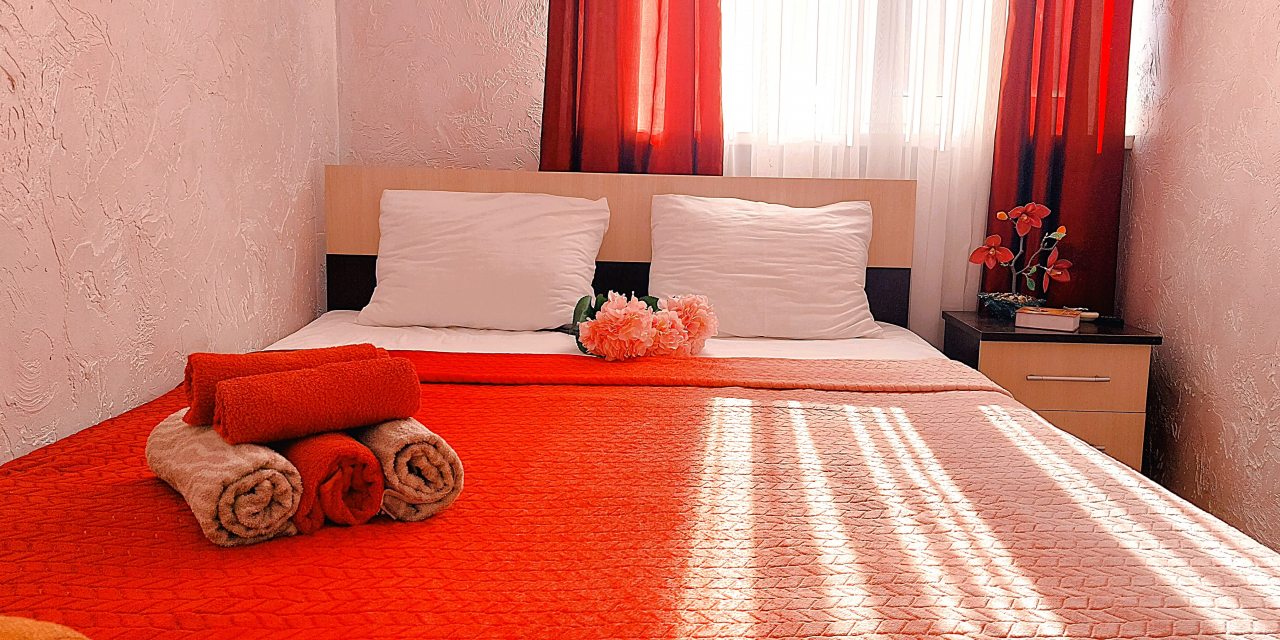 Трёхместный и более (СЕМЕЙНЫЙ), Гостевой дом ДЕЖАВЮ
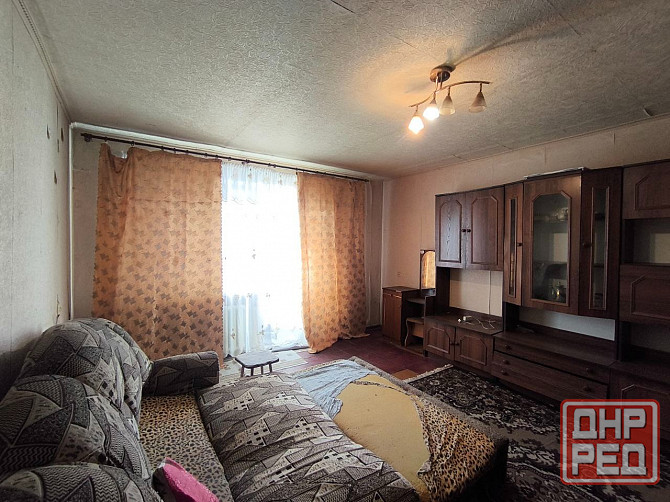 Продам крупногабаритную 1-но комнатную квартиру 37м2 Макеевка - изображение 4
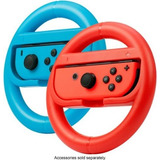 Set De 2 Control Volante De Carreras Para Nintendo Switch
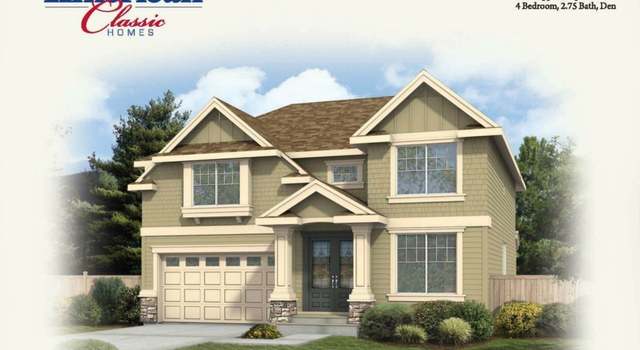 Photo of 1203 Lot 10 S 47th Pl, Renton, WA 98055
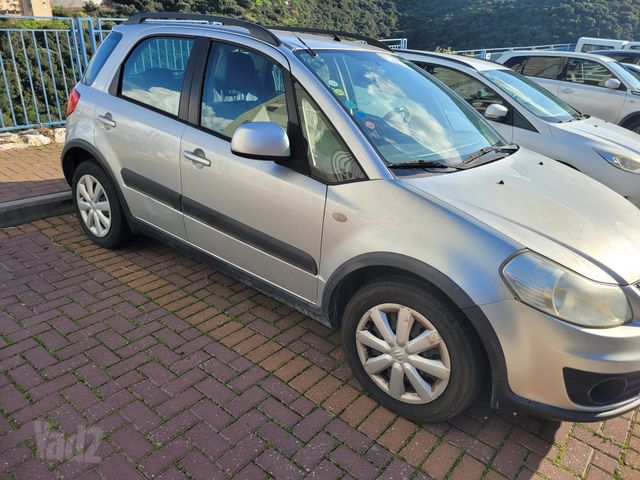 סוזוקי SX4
----------
**EXERCISE INSTRUCTIONS:** Return all of the entries word for word, but omit the pictures.

**EXERCISE ANSWER:**
 Трёхместный и более (СЕМЕЙНЫЙ), Гостевой дом ДЕЖАВЮ
 Продам крупногабаритную 1-но комнатную квартиру 37м2 Макеевка - изображение 4
 Set De 2 Control Volante De Carreras Para Nintendo Switch
 Photo of 1203 Lot 10 S 47th Pl, Renton, WA 98055
 סוזוקי SX4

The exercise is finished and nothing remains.